Words mean something, if you promise to uphold a contract and break it, there are consequences. The reviewers were free to select the policy which allows LLM use.

notrealyme123•36m ago
In many cases authors and reviewers are not the same. In your first two publications to such venues you are not allowed to review yourself and need someone else.

I think consequences are well deserved, but hopefully not on the authors cost (if innocent).

coldtea•1h ago
Another 30-40% just didn't get caught because the reviewers also used LLM in their "reviews"
jsnell•1h ago
I think you've misunderstood something. This is not about rejecting LLM-written articles. It is about rejecting the articles of people who used LLMs for their reviews.

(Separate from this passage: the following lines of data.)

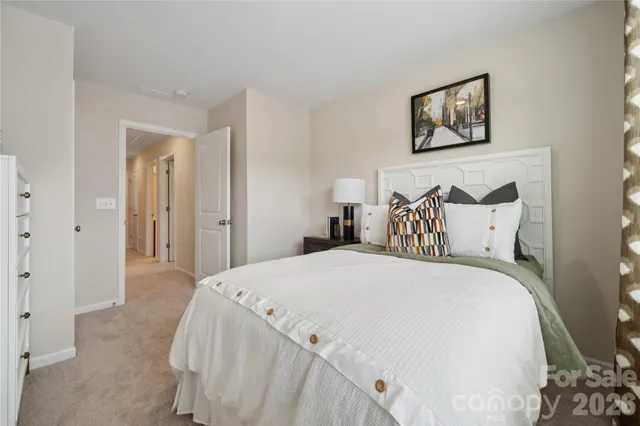 a large white bed in a white room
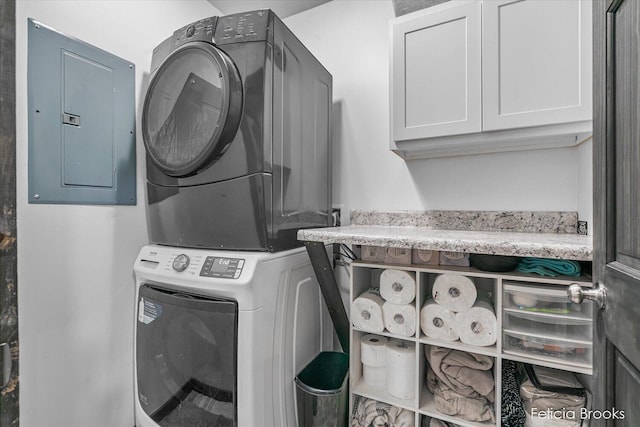 2539 Daisy Ln, Middleville, MI 49333 - laundry room with stacked washing machine and dryer, electric panel, and cabinet space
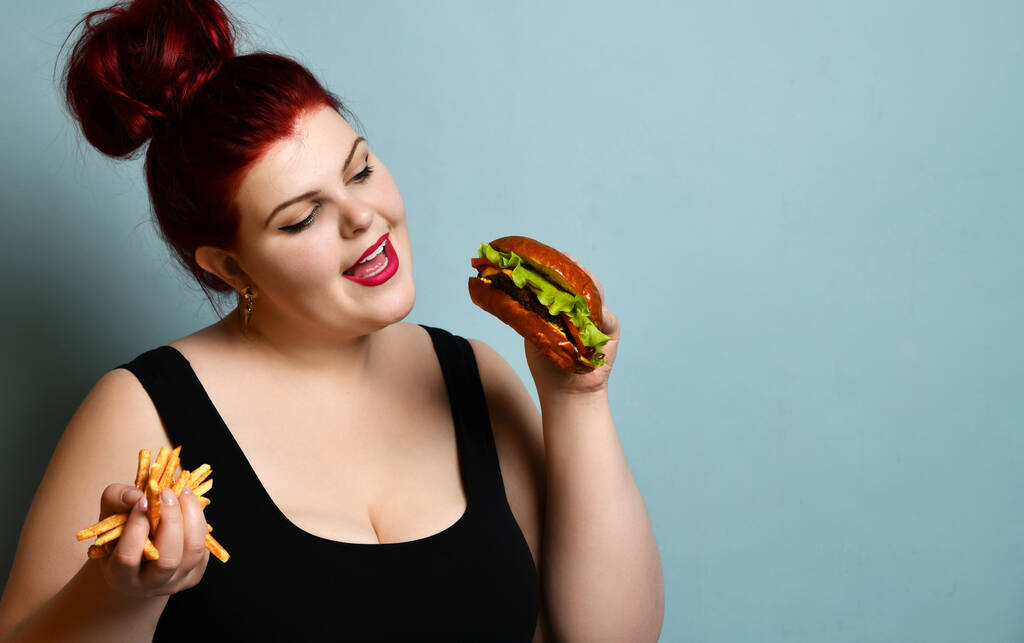 Feliz excesso de peso mulher gorda feliz segurar hambúrguer cheeseburger sanduíche com carne bovina e batatas fritas na mão
 - Foto, Imagem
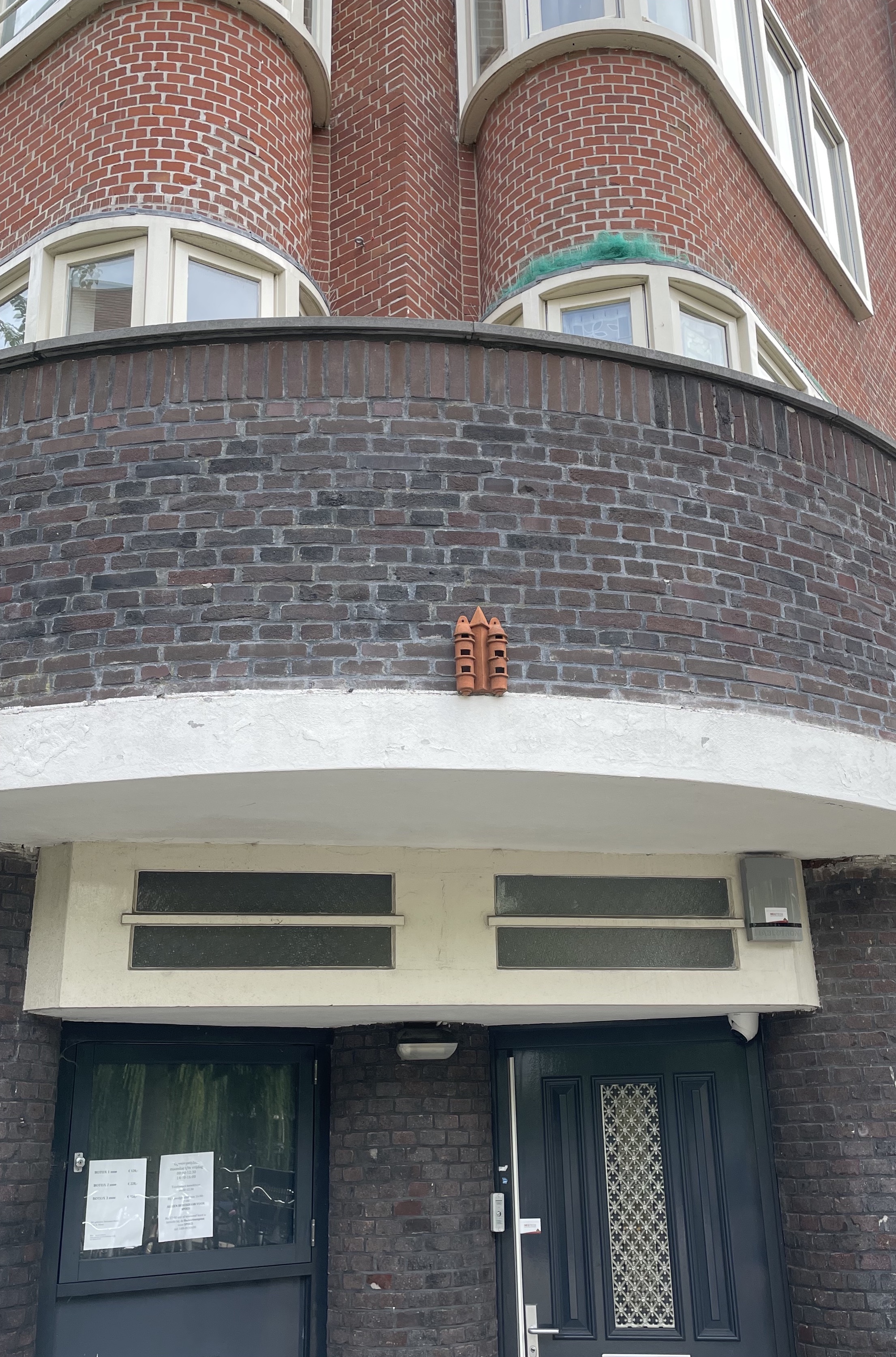 A picture of a building with a little terracotta structure above the entryway that looks like a tiny building with three towers and multiple windows.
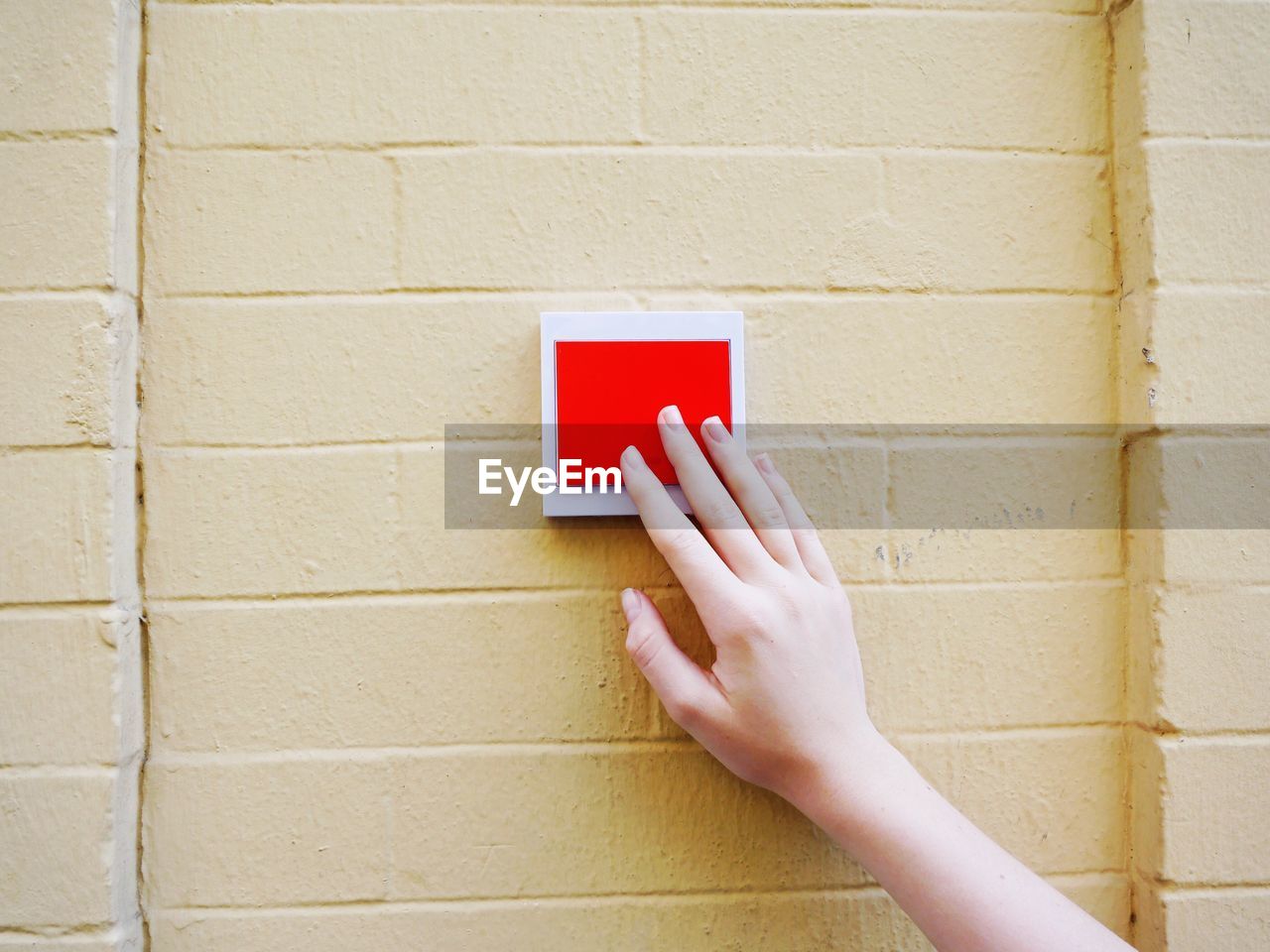 Close-up of hand pressing door bell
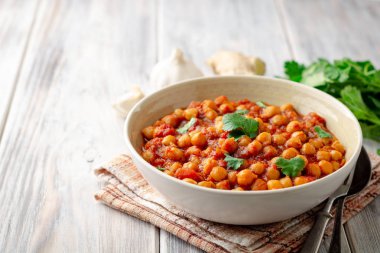 Baharatlı nohut Chana Masala ahşap masa üzerinde bir kapta köri. Geleneksel Hint yemeği. Seçici odak.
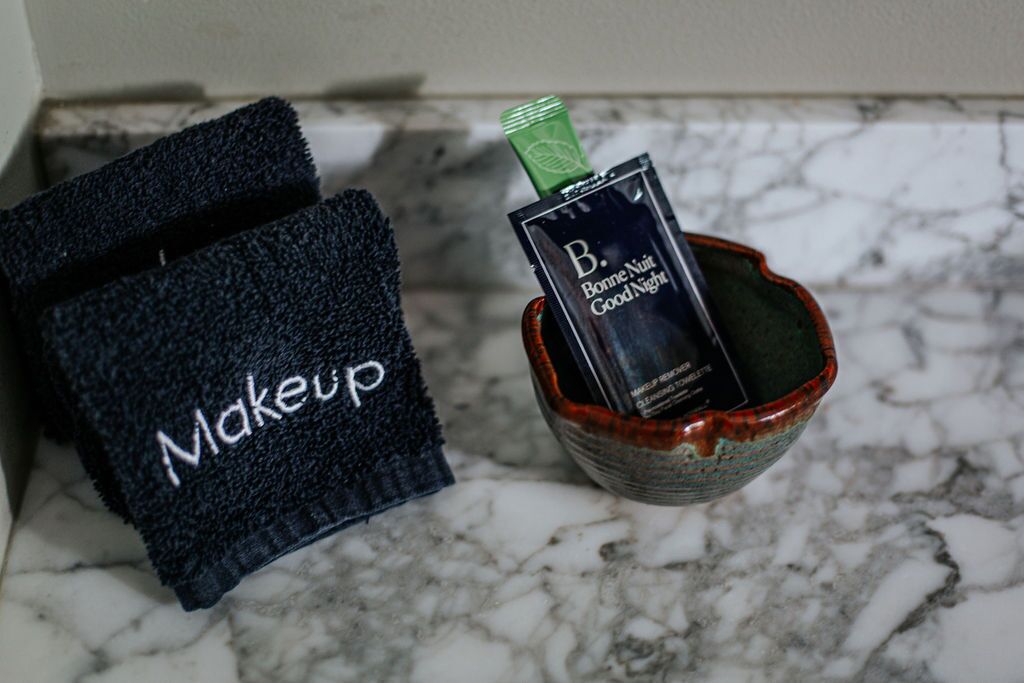 A dark blue towel with "Makeup" written on it, a small ceramic bowl with a makeup product, and a green cap.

So your quip is just nonsensical.

coldtea•1h ago
Those second-level reviewers, checking whether the first-level authors used LLMs in their reviews, also used LLMs to do their screening, and the latter missed it in many cases.

My original point (loosely based on the subject, not TFA) is that it's LLMs all the way down, way more than it's "measured" to be.

jacquesm•1h ago
I keep spotting clear LLM 'tells' in text where I know the people on the other side believe they're 'getting away with it'. It is incredible at what levels of commerce people do this, and how they're prepared to risk their reputation by saving a few characters typed. It makes me wonder what they think they are getting paid for.
grey-area•1h ago
Interesting, so someone submitting a paper for review could also submit one with hidden instructions for LLMs to summarise or review it in a very positive light.

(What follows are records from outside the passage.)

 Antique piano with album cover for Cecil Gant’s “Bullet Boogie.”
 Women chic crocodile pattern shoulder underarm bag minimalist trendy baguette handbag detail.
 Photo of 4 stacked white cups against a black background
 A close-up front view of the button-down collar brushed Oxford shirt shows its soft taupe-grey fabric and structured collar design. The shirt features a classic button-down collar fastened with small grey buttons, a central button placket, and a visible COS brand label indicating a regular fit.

Given this detection method works so well in the use case of feeding reviewing LLMs instructions, it should also work for the original submitted paper itself, as long as it was passed along with its watermark intact. Even those just using LLMs to summarise could easily be affected if LLMs were instructed to generate very positive summaries.

So the 2% cheaters on policy A, AND 100% of policy B reviewers could fall for this and be subtly guided by the LLMs overly-positive summaries or even complete very positive reviews (based on hidden instructions).

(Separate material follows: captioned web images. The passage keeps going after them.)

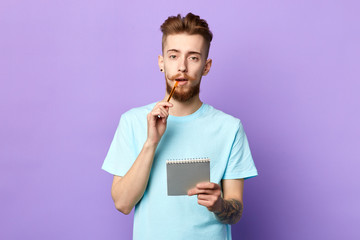 thoughtful serious man holding pen near lips and notepad isolated on blue background. close up portrait. free time, spare time, lifestyle. guy making up a story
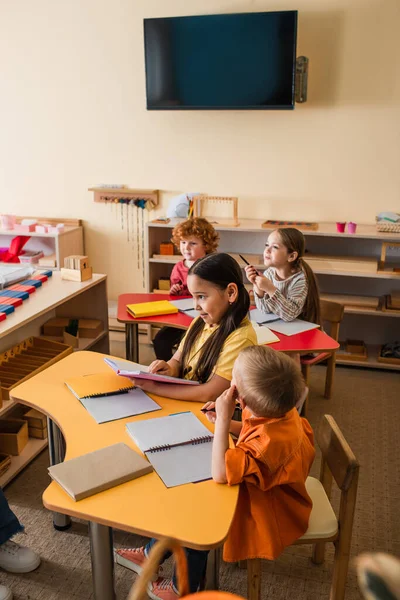 High angle view of asian girl reading book near children during lesson — Stock Photo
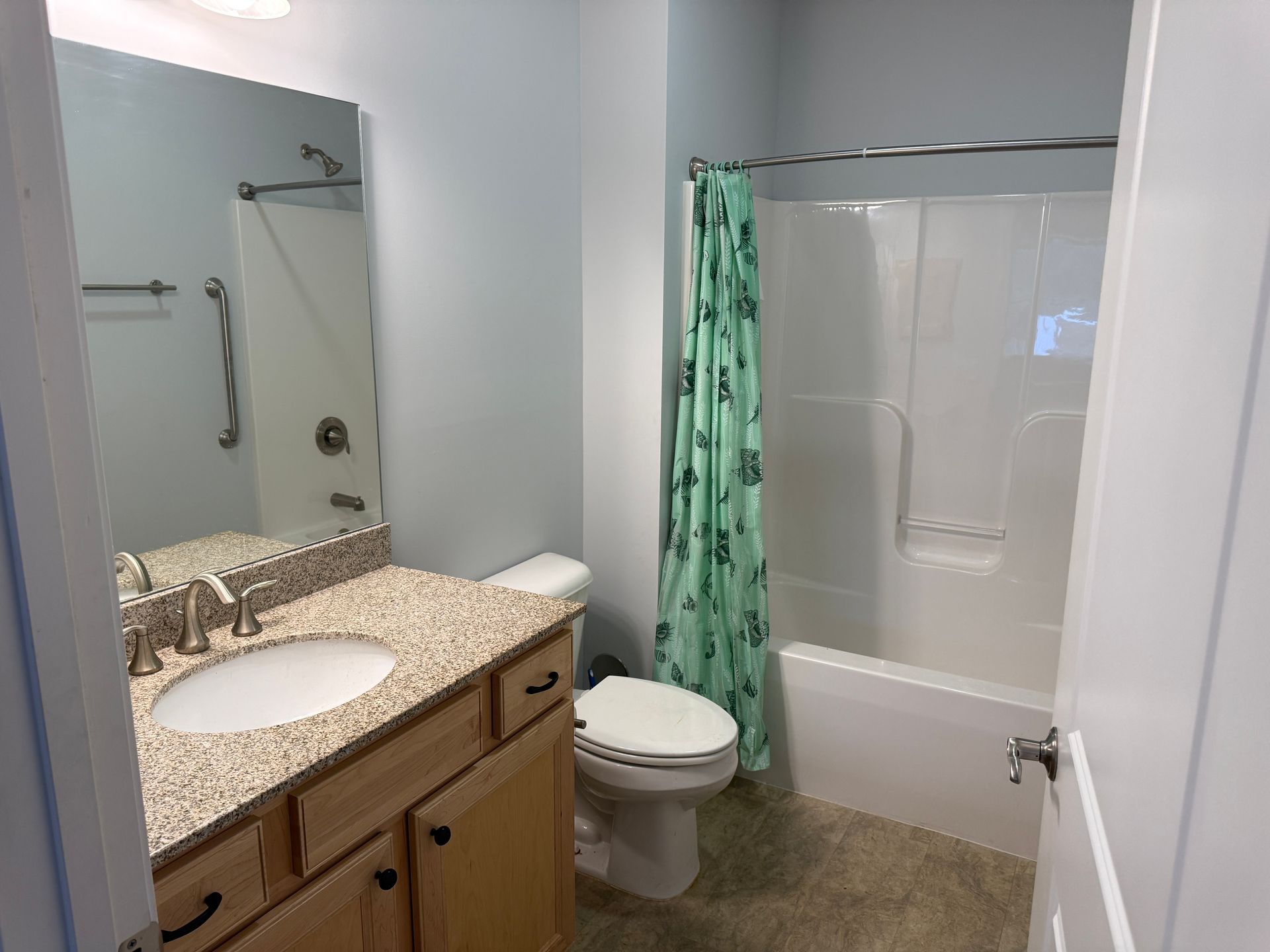 Small bathroom with vanity, mirror, toilet, and bathtub with green shower curtain.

That this sort of adversarial attack works is really quite troubling for those using LLMs to help them understand texts, because it would work even if asked to summarise something.

wood_spirit•1h ago
Then these papers with these instructions get included in the training corpus for the next frontier models and those models learn to put these kinds of instructions into what they generate and …?
Tade0•1h ago
> Interesting, so someone submitting a paper for review could also submit one with hidden instructions for LLMs to summarise or review it in a very positive light.

I may or may not know a guy who added several hidden sentences in Finnish to his CV that might have helped him in landing an interview.

duskdozer•37m ago
>several hidden sentences in Finnish

Is this a reference to something?

bjourne•1m ago
> Interesting, so someone submitting a paper for review could also submit one with hidden instructions for LLMs to summarise or review it in a very positive light.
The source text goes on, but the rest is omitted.